The latest on the Cincinnati Reds search for pitching have led in Landing a Sensational Ace
The Hot Stove went quiet for the holiday season. Might it pick back up soon?
There are endless metrics that evaluate pitchers in today’s baseball world, and xFIP is certainly one of them. It’s the expected version of FIP – Fielding Independent Pitching – which, in itself, is something of an expected statistic. How good a pitcher probably should have been if they’d had a normalized HR/FB rate and defense like most other pitchers had, in other words.
It’s imperfect. It’s very imperfect. Most pitching metrics, if taken in lone form, are.
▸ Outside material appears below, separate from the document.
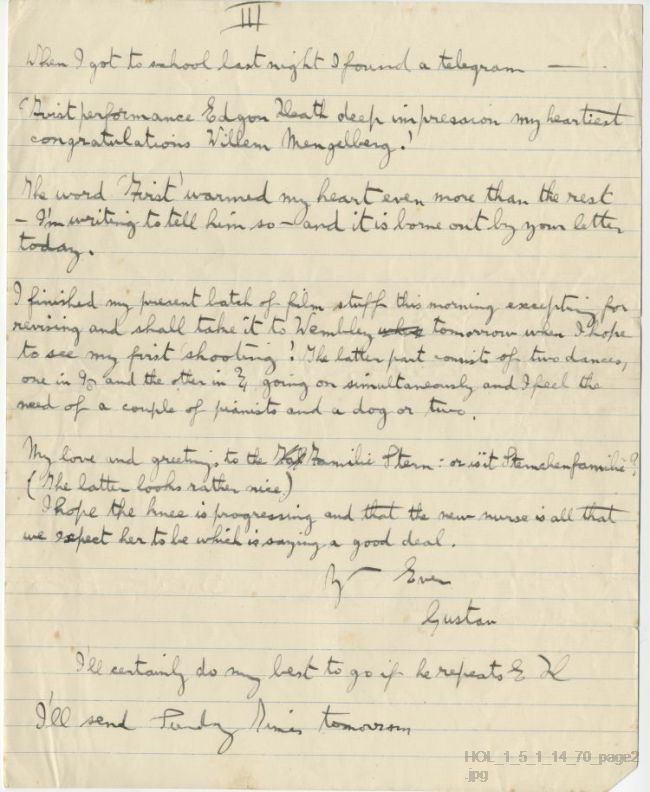 Letter from Gustav Holst to Vally Lasker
The reality is, however, that 127 pitchers in Major League Baseball logged at least 100 IP during the 2023 season, and 60 of them had lower xFIPs than Dylan Cease, whose 4.08 mark came in a season in which he clearly surpassed that IP threshold (177.0 IP). His 3.72 actual FIP checked in 26th, his 4.58 ERA 92nd, and the amalgamation of these numbers suggest he wasn’t a whole lot more than a midde of the road innings-eater last year.
That makes what the asking price for Cease in trade talks with the Cincinnati Reds right now consisting of Rhett Lowder, Chase Petty, Edwin Arroyo, Connor Phillips, and ‘at least one more prospect’ completely preposterous. That’s news that came from The Enquirer’s Jason Williams over the weekend, as the Chicago White Sox appear determined to ask for a return commisserate with how Cease pitched in the two years prior to 2023 with earplugs in while discussing anything that happened last year.
Through 2021 and 2022 Cease was, quite simply, brilliant. The 8.9 fWAR he compiled during that time ranked as the 8th most among all pitchers who logged at least 250 combined IP, his 11.66 K/9 ranking tied for 4th best. He averaged a robust 96.9 mph on his fastball – also tied for 4th best among that 83 pitcher sample – and his 3.24 FIP ranked 15th. His 2022 season carried a lot of the weight there (2.20 ERA in 184.0 IP, leading to a runner-up finish in the AL Cy Young Award voting), and the pair of years established that he was undeniably an incredibly valuable young arm.
I led with some expected stats of his because it would be one thing if his decline from 2022 to 2023 came only in the form of surface stats, and the underlying metrics still suggested he was the same guy. That’s not the case, though, as his average fastball velocity dropped over a full mph, his K/BB declined for the third consecutive season, his BABIP spiked some .070 from a level too low to maintain to an admittedly high .330, and the hard-hit rate he allowed jumped almost 10%.
The Reds have one of the deepest farm systems in all of baseball, and it’s to be expected that the initial ask when dealing with them would be for the moon. It’s hard to even envision what the White Sox would be asking for in exchange for Cease had he performed in 2023 the way he had across 2021-2022, since that’s the entire top of the Reds farm at the moment.
Chicago, while rebuilding, has no dire need to deal Cease right now. They’re a dumpster fire of a roster right now, but Cease’s two full seasons of team control mean they can ask for the moon now, hold on to him until the deadline (or next winter) to let him perhaps recoup some of his previous value, and create bidding wars across the game. For the Reds, though, it comes down to just how much they think they can ‘fix’ what ailed Cease during his merely just fine season in 2023, and whether or not they can talk the Sox into a deal that costs them significantly less in acquisition cost.
Clearly Cincinnati is interested, as well they should be. Cease’s durability alone is desirable with a Reds pitching staff that’s been routinely beat-up, beat around, and remains inexperienced. His upside obviously makes him even more of a perfect fit, especially given a pair of years at reasonable, arbitration-eligible salaries that pale in comparison to what he’d cost to sign as a free agent right now. Considering that’s what the White Sox are asking for him, I can’t imagine a team out there is willing to meet that cost right now, meaning we’ll likely see these dialogues persist throughout the course of the winter.
The question, of course, is whether the Reds will finally balk and seek additions elsewhere.